The agreement signed by Quinsigamond President Gail Carberry and Anna Maria President Mary Lou Retelle caps the cost of four years of study at $40,000. The program is open to those studying the fields of criminal justice, fire science, human services and social work.
Transfer agreements, also known as articulation agreements, are common in higher education. However, the Higher Education and Active Responsiveness through Transfer (HEART) Initiative is ground-breaking for two reasons.
First, it focuses on public service-oriented majors, some of which will see faster-than-average growth in the coming years. For examples, the number of jobs in community and social service occupations will rise 17.2 percent from 2012 to 2022, according to the Bureau of Labor Statistics.
Second, and most importantly, the Anna Maria-Quinsigamond agreement is cost efficient and provides cost certainty.
Study after study after study shows the negative long-term impacts of student loan debt, from delays in saving for retirement to an inability to purchase a home. These impacts are a drag on economic growth.
In addition, the American Student Assistance study showed “loan debt was deciding factor, or had a considerable impact, on their choice” of study for 30 percent of students. The fact that the HEART Initiative focuses on public service-oriented majors should attract more students into these fields.
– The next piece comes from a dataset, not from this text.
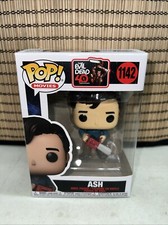 Funko pop evil for sale  Hollywood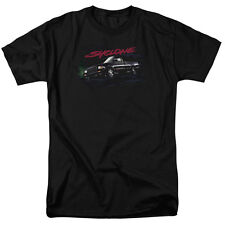 GMC SYCLONE Licensed Adult Men's Graphic Tee Shirt SM-6XL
This is the second initiative launched by Carberry that takes head on the issues of college cost and student debt. In March, Quinsigamond and Mount Wachusett Community College partnered with Worcester State University and Fitchburg State University to launch the 30k Commitment, which caps the cost of an associate degree from the community colleges and a bachelor’s degree from the universities at $30,000.
Carberry and Retelle have established a leadership position with this public-private partnership, and we hope it becomes a model for future agreements.
The fact that a majority of students from both schools remain in the Worcester area after graduation means Central Massachusetts will be well served by this agreement for years to come.
Very rarely does a win-win scenario actually live up to its name. This is sure to be one of those instances.